(Crawled caption data)
^^^^

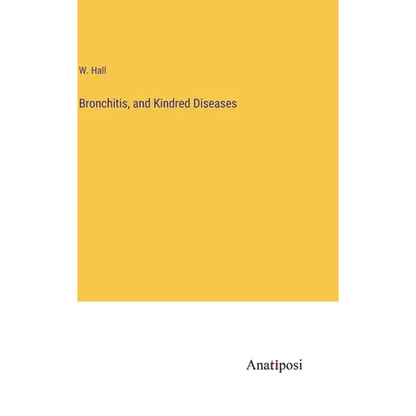 Bronchitis, and Kindred Diseases - Hardcover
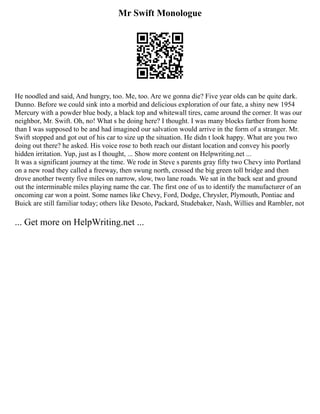 Mr Swift Monologue
He noodled and said, And hungry, too. Me, too. Are we gonna die? Five year olds can be quite dark.
Dunno. Before we could sink into a morbid and delicious exploration of our fate, a shiny new 1954
Mercury with a powder blue body, a black top and whitewall tires, came around the corner. It was our
neighbor, Mr. Swift. Oh, no! What s he doing here? I thought. I was many blocks farther from home
than I was supposed to be and had imagined our salvation would arrive in the form of a stranger. Mr.
Swift stopped and got out of his car to size up the situation. He didn t look happy. What are you two
doing out there? he asked. His voice rose to both reach our distant location and convey his poorly
hidden irritation. Yup, just as I thought, ... Show more content on Helpwriting.net ...
It was a significant journey at the time. We rode in Steve s parents gray fifty two Chevy into Portland
on a new road they called a freeway, then swung north, crossed the big green toll bridge and then
drove another twenty five miles on narrow, slow, two lane roads. We sat in the back seat and ground
out the interminable miles playing name the car. The first one of us to identify the manufacturer of an
oncoming car won a point. Some names like Chevy, Ford, Dodge, Chrysler, Plymouth, Pontiac and
Buick are still familiar today; others like Desoto, Packard, Studebaker, Nash, Willies and Rambler, not
... Get more on HelpWriting.net ...
 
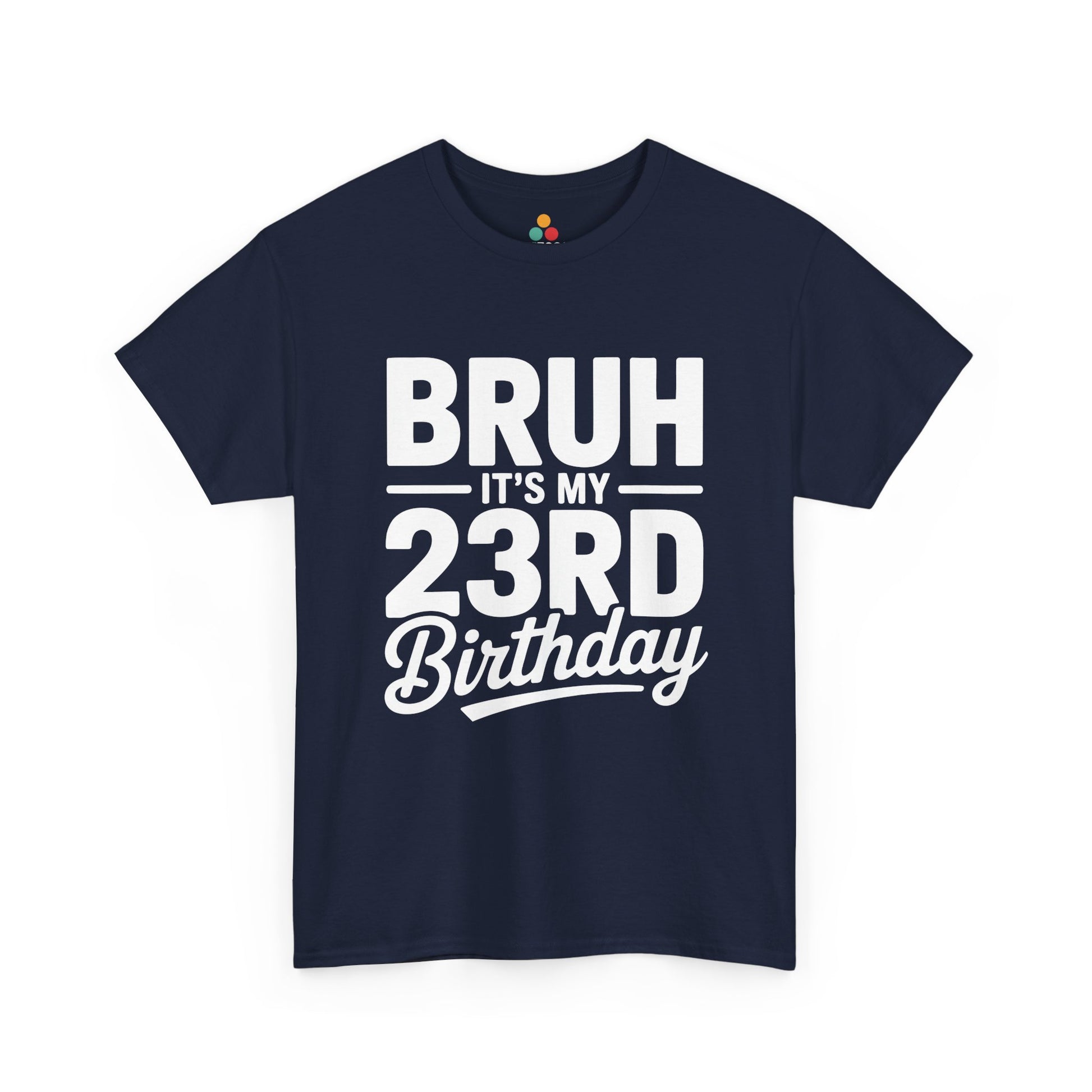 Bruh it’s my 23rd birthday typography design with bold block letters and script “Birthday”. navy blue tee shirt
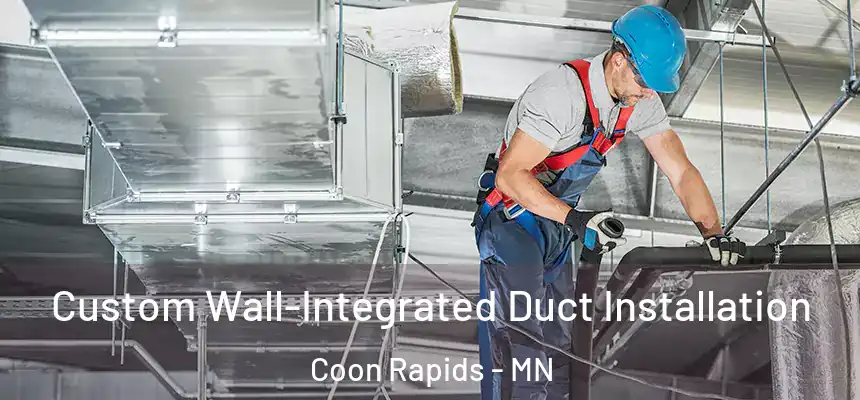  Custom Wall-Integrated Duct Installation Coon Rapids - MN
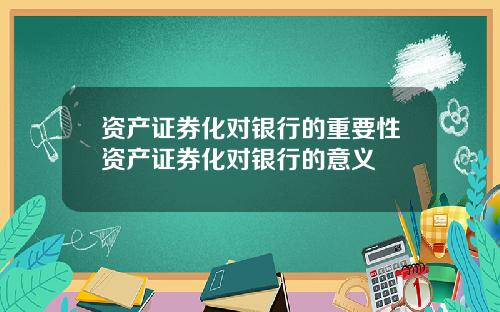 资产证券化对银行的重要性资产证券化对银行的意义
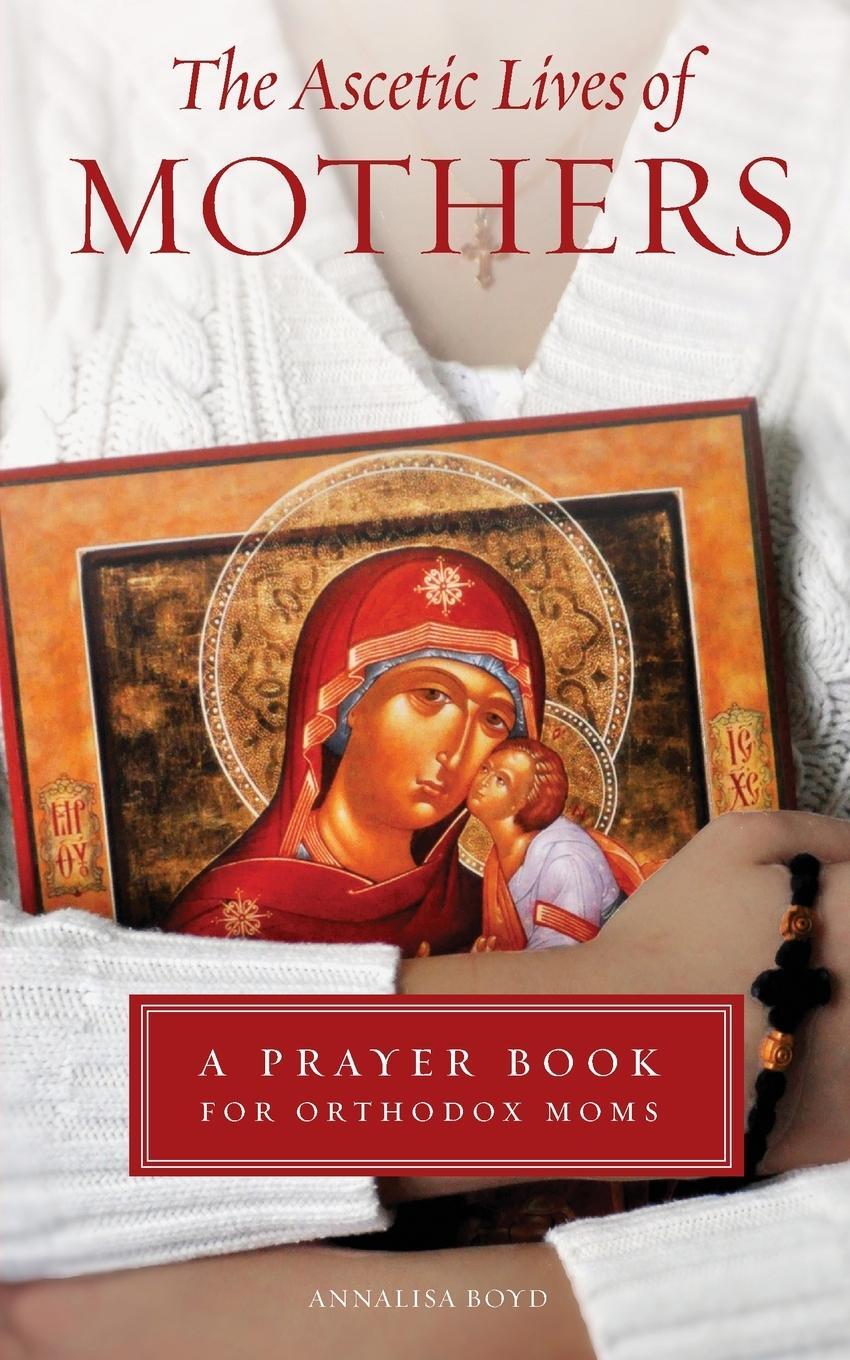 Cover: 9781936270958 | Ascetic Lives of Mothers | A Prayer Book for Orthodox Moms | Boyd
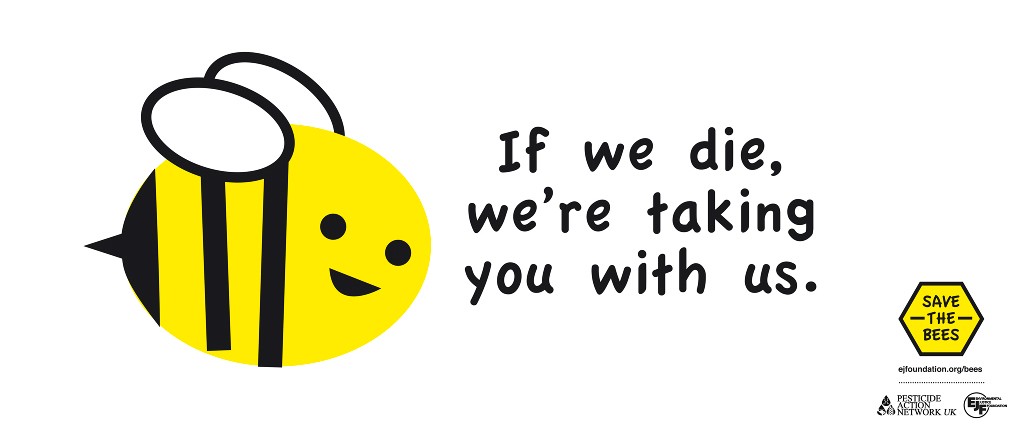 Environmental Justice Foundation Bee poster: 'if we die, we're taking you with us.'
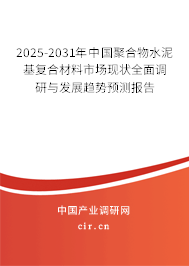 2025-2031年中國(guó)聚合物水泥基復(fù)合材料市場(chǎng)現(xiàn)狀全面調(diào)研與發(fā)展趨勢(shì)預(yù)測(cè)報(bào)告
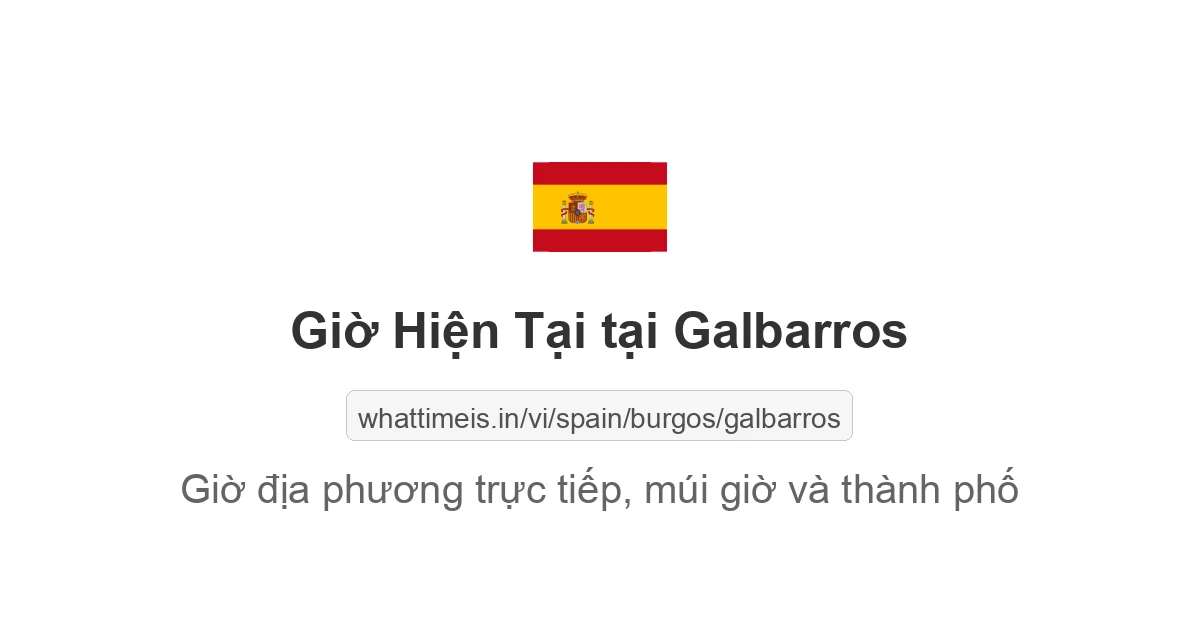 Giờ hiện tại ở Galbarros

^^^^

On how many lines above does "like" occur? Say the number only.

2